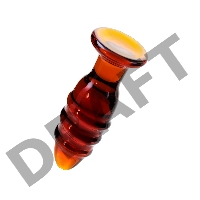 Анальная втулка Sexus Glass, стекло, коричневая, 12,5 см, Ø 4 см
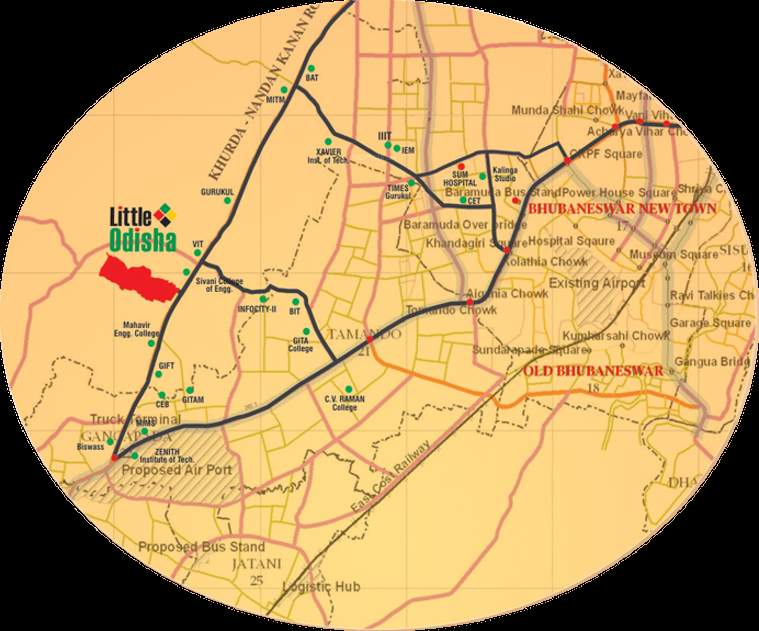 Images for Location Plan of Alishan Little Odisha Apartments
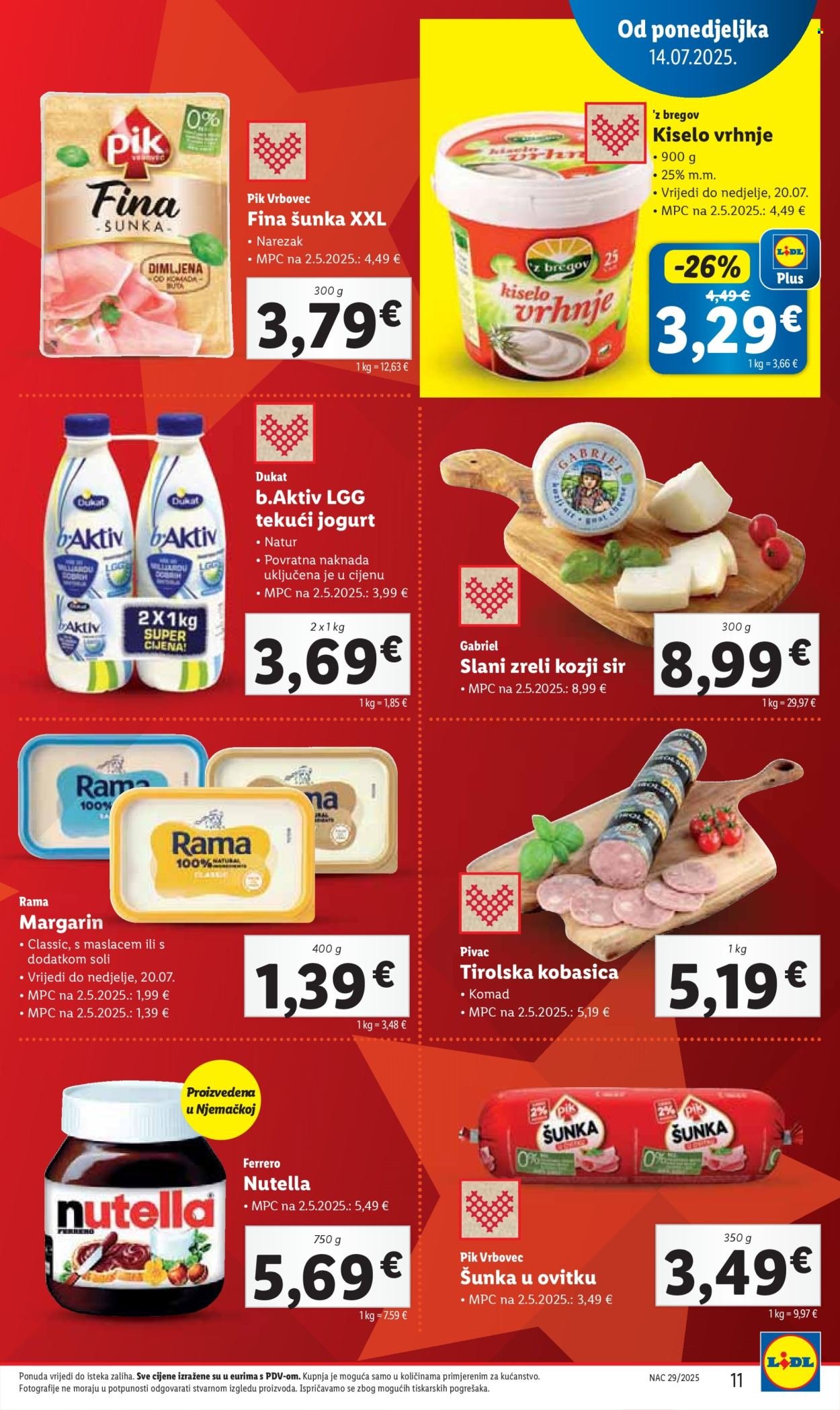 LIDL katalog - Od ponedeljka 14.07.2025.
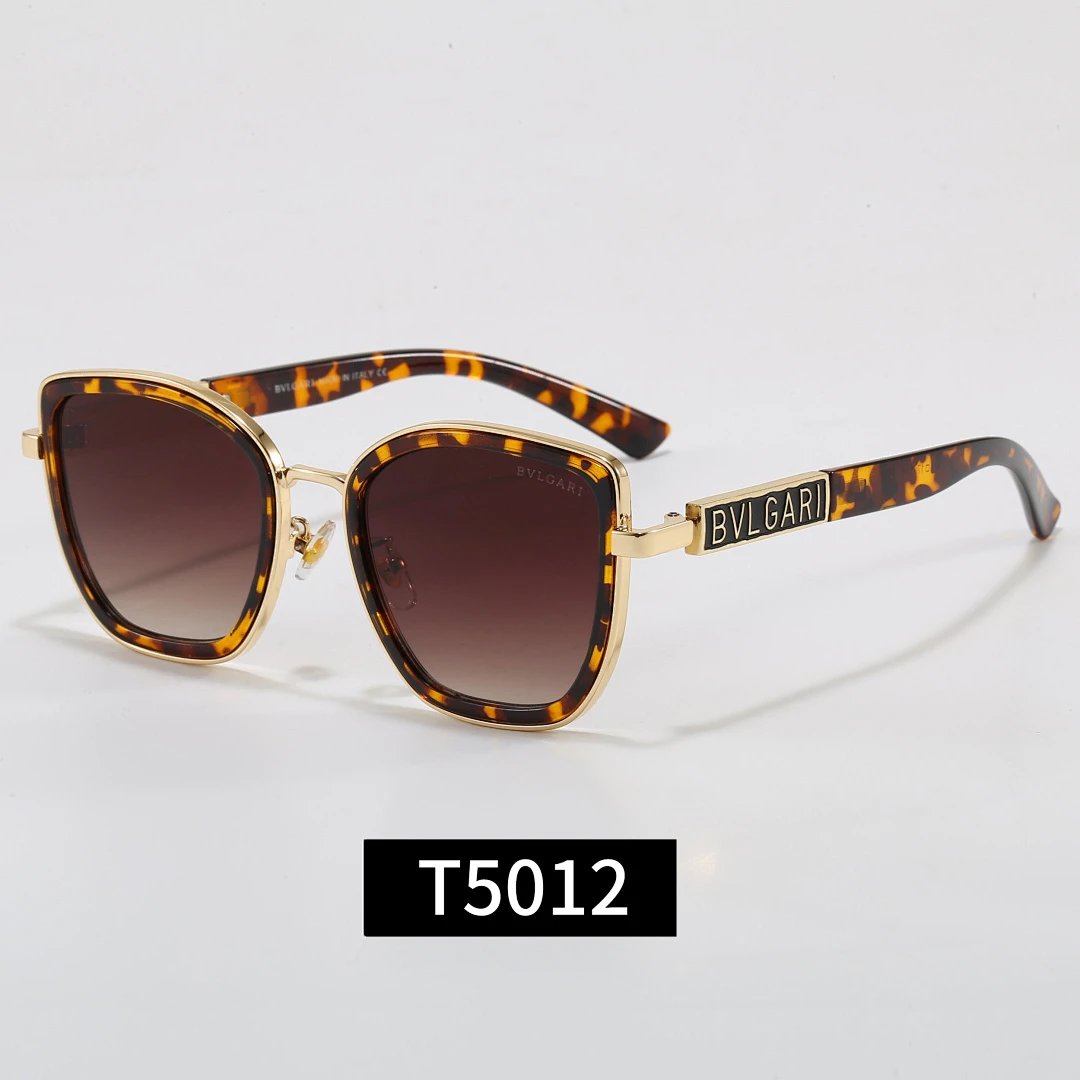 Bvlgari Tinted Lens Square Sunglasses, Polished Frame Style 30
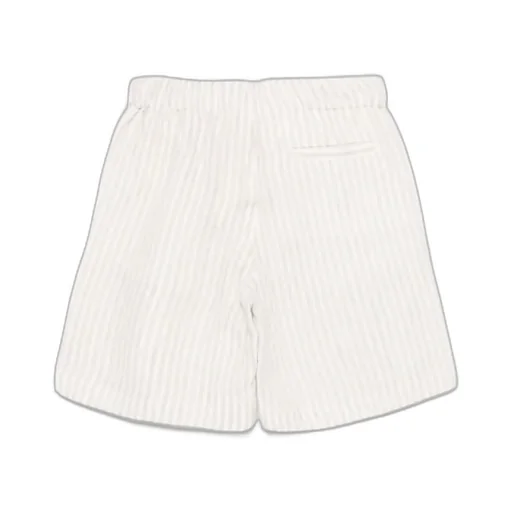 Il Gufo Striped Casual Shorts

__TASK PROMPT__: From the line containing "LIDL katalog - Od ponedeljka 14.07.2025." through the last line of the records, both included, output those lines exactly and nothing else; skip the pictures.

__RESPONSE TO THIS EXERCISE__:
 LIDL katalog - Od ponedeljka 14.07.2025.
 Bvlgari Tinted Lens Square Sunglasses, Polished Frame Style 30
 Il Gufo Striped Casual Shorts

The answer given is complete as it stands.